*TASK STATEMENT*
From the material below, please set down exactly the lines starting with the one with "Mejores Azul marina" and going on through the one with "Mystery of the", without a single picture.

*DATASET RECORDS*
•••

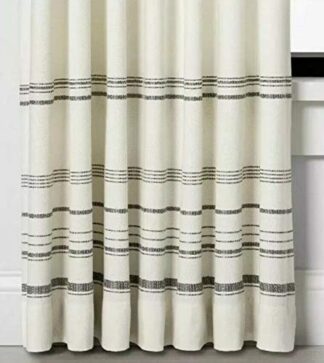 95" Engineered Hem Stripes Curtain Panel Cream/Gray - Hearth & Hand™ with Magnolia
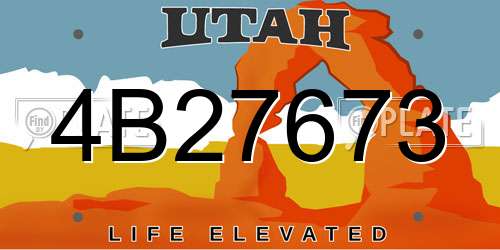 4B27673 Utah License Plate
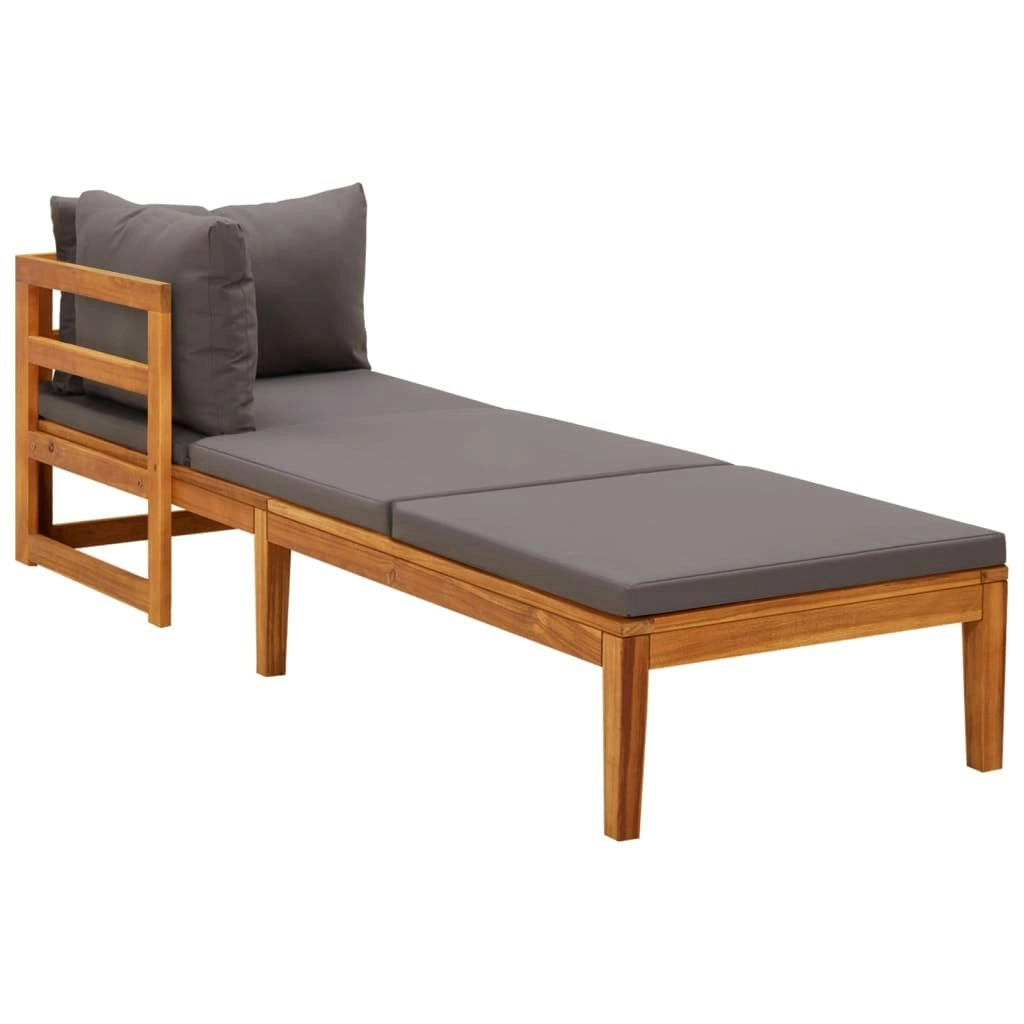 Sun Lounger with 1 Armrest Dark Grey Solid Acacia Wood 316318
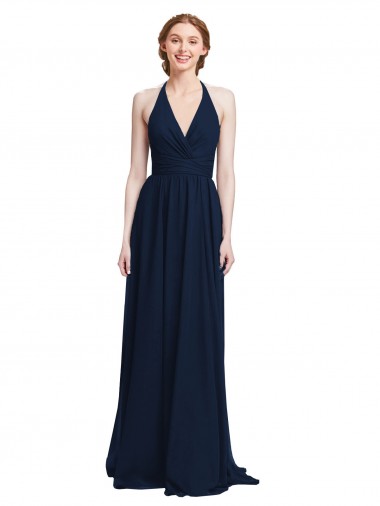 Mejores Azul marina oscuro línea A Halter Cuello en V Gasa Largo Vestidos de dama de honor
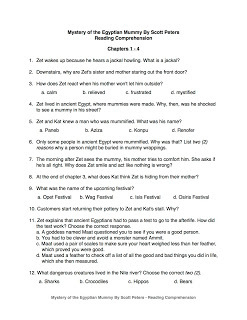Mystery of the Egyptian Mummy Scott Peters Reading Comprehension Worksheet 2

•••

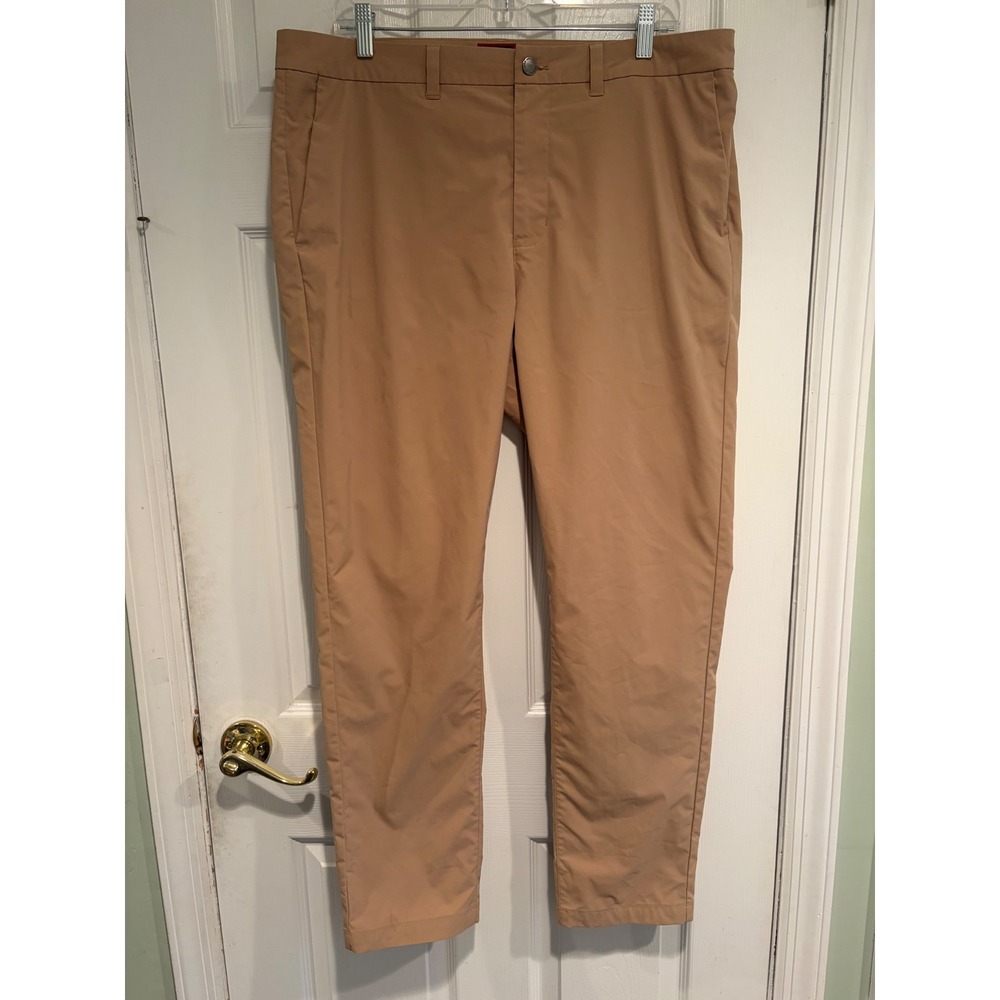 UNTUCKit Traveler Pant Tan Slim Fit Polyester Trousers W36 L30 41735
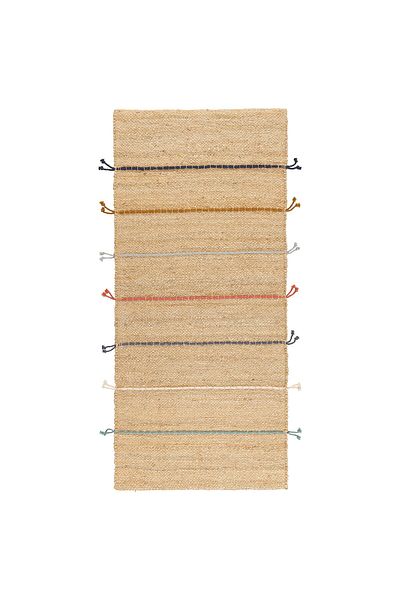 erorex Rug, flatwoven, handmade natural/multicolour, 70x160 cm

•••

*SOLUTION FOR THIS PROBLEM*
 Mejores Azul marina oscuro línea A Halter Cuello en V Gasa Largo Vestidos de dama de honor
Mystery of the Egyptian Mummy Scott Peters Reading Comprehension Worksheet 2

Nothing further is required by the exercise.